As the USGBC and its partners work through the development process for the next generation of LEED, I would like to propose an alternate, parallel metaphor for the rating system. I believe this will help us to envision what LEED can accomplish and how it might develop in the future.
I propose that we also think of LEED as a garden. Immediately the imagery it brings to mind is different from that of a production line. A garden produces and nurtures life. Gardens are not wild; they are constructed by humans on different scales and for many different purposes, including making money. Gardens can be meticulously planned from the beginning, starting with foundational elements, such as major plantings, and moving on to smaller plots and beds, or they can come about more spontaneously. Gardens have natural cycles of growth, harvest, and renewal. They grow and evolve over time, with some plants thriving, others having to be replaced, and all of them needing to be protected from pests and predators. Gardens depend on pollinators, the worker bees. Gardening can be hard work, but it is also restorative. Gardeners come in all shapes and sizes, with many different motivations.

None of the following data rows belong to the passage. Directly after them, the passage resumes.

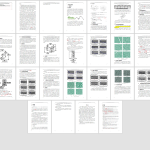 A77基于DEM数据的地表鞍部点提取方法研究-锤锤工作室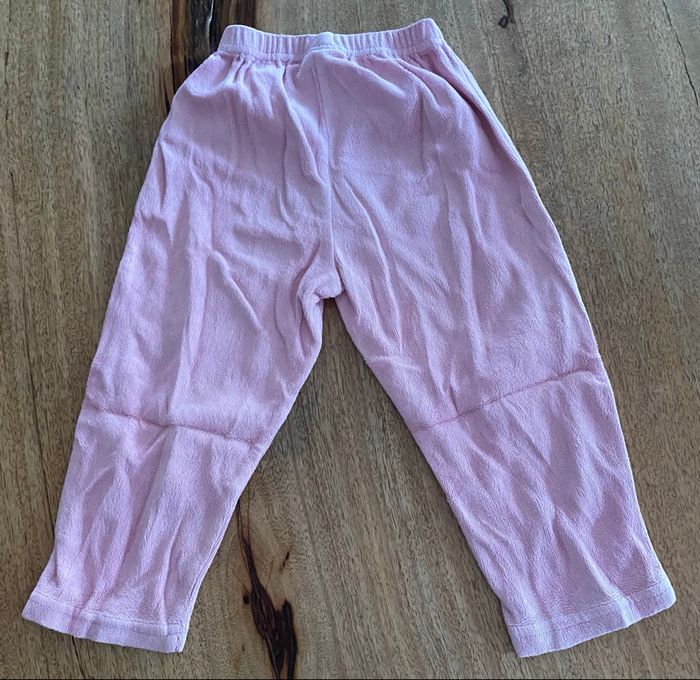 Pyjama 2 pièces - photo numéro 6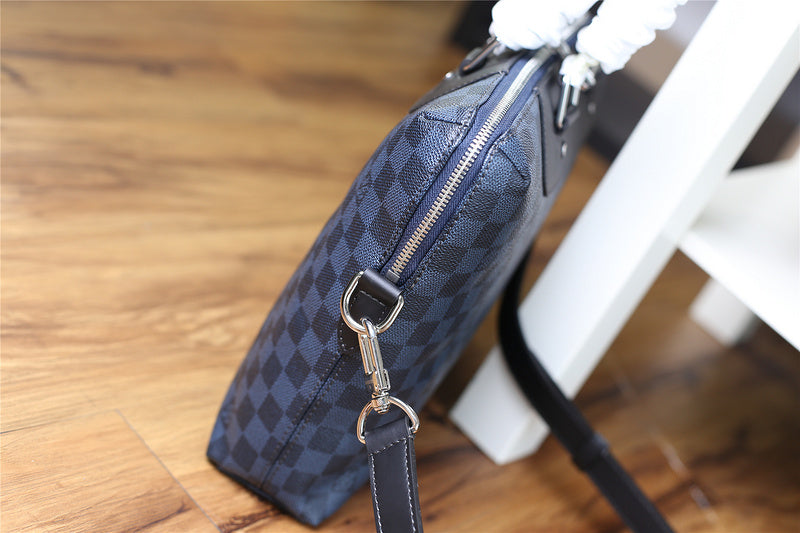 Ozarra Fashion Lu-Vi bags - 9874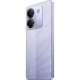 Мобільний телефон Xiaomi Poco M7 Pro 5G 8/256GB Purple (1139666)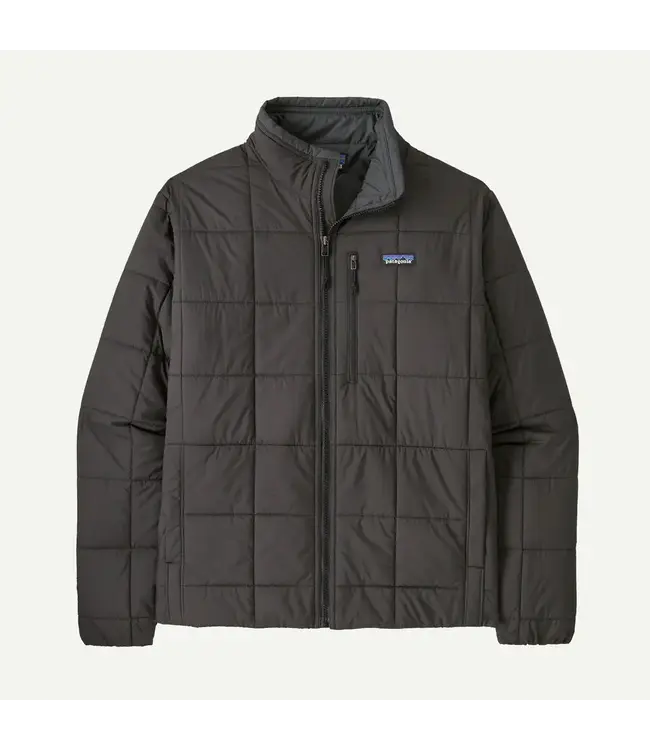 Patagonia M's Light Gust Jacket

In the LEED garden, we should expend some effort in getting the foundational elements right (sustainability, climate change, and biodiversity, for example) so that we don’t have to bring in heavy equipment to move them around in the future. We are not striving for a monoculture, but for a mix of different species and crops suited to different climates, needs, and tastes that mature at different seasons. We needn’t seek perfection in every part of LEED all at once, but we can think about nurturing what thrives, replacing what doesn’t, and increasing yields constantly over time. Finally, all of us green building council members can start thinking of ourselves not as workers feeding the machine but as pollinators who are essential to maintaining the health and productivity of the LEED and sustainability gardens.
Feel free to take this seed of an idea and nurture it in your own way. Call on other gardeners to help. LEED can become a robust, organic, productive, profitable, and restorative garden for the benefit of us all in our pursuit of a sustainable built environment.